▸ Task prompt
Write out the stretch of lines below that begins at the line with "Iran Flag Country" and ends at the line with "Hyperrealistisches Wolf- und", including both, exactly as given and nothing more.

▸ Dataset excerpts
━━━━━━━━━━━━━━━━━━━━━━━━━━━━━━
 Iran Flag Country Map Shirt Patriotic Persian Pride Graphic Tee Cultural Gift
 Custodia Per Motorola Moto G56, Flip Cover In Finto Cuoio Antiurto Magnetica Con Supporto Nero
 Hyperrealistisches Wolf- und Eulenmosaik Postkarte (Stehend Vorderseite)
━━━━━━━━━━━━━━━━━━━━━━━━━━━━━━
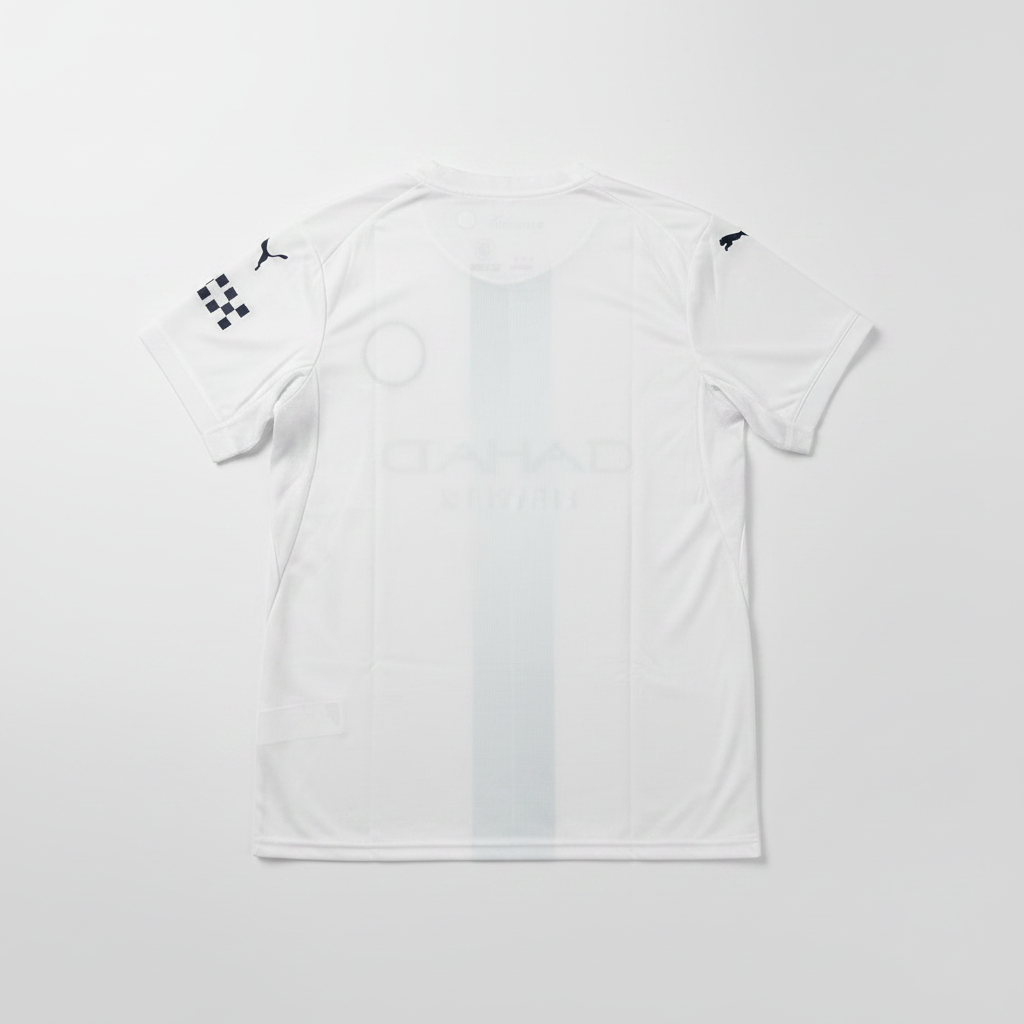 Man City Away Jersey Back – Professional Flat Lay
━━━━━━━━━━━━━━━━━━━━━━━━━━━━━━
▸ Response
 Iran Flag Country Map Shirt Patriotic Persian Pride Graphic Tee Cultural Gift
 Custodia Per Motorola Moto G56, Flip Cover In Finto Cuoio Antiurto Magnetica Con Supporto Nero
 Hyperrealistisches Wolf- und Eulenmosaik Postkarte (Stehend Vorderseite)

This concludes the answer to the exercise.